“I’m blowing it!” Mercedes kicked over a trash can in the visiting locker room. Kat followed behind and picked up the spilled garbage, muttering a torrent of filthy language.
“That’s enough!” Coach shouted, but Mercedes heard nothing but sirens in her head.
Unable to swear, Mercedes smashed her fists hard into the old tan lockers. The sound bounced around the tiny room like thunder. “Cheryl, don’t you ever pass me the ball again!”
Cheryl started to speak, but Mercedes shouted over her. “Anybody but me!” She turned to Kat, snatched the clipboard out of her hands, and ripped up into tiny pieces the score sheet for the game that showed her line: zero for eight from the field, including three missed threes.
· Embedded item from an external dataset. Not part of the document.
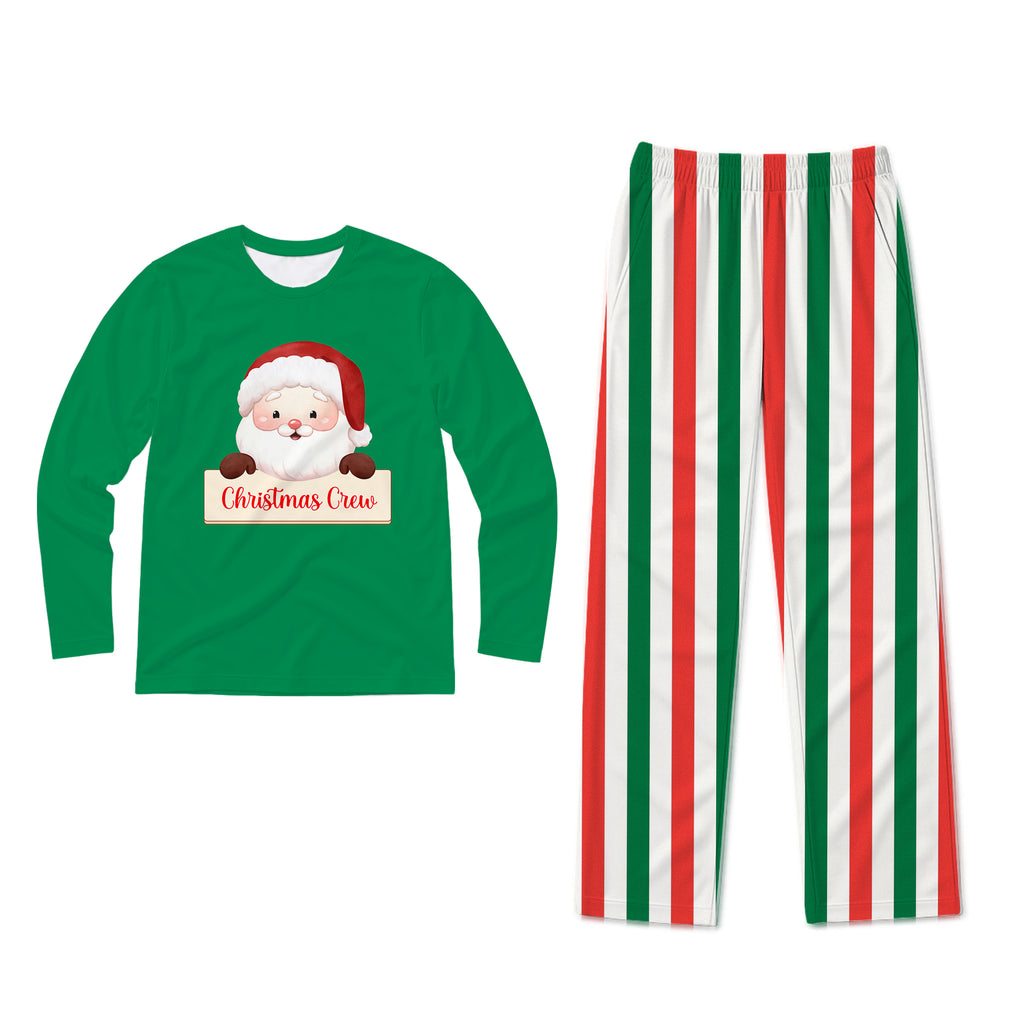 A two-piece Christmas pajama set on a white background, featuring a green long-sleeve shirt with a Santa Claus graphic and the words 'Christmas Crew', paired with matching striped pants in green, red, and white.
Instead of handing the clipboard back to Kat, Mercedes punted it across the room. When she did, Coach bounded across the room and grabbed Mercedes’s left arm.
“Let go of me!”
Coach clutched Mercedes’s arm tighter and dragged her into the shower. With one hand, Coach pressed against Mercedes’s chest to hold her in place, and with the other, she turned on the water. “You’d better cool down, now!”
Mercedes stood in the cold water, shivering, the water masking her falling tears. It was a game with scouts in the stands and they had to win, but she’d lost her rhythm. Mercedes wondered if she’d lost her soft shooting touch when the police locked the hard cuffs on Callie’s wrists.
Back in the locker room, she heard Coach trying to fire everyone up even as ice raced through Mercedes’s veins. She reached up and turned off the water. Kat stood a few feet away and tossed her a towel. Mercedes stripped off her clothes and wrung the water out of them. She squeezed as hard as she could—her hurting hands aching with the effort—to get her clothes dry.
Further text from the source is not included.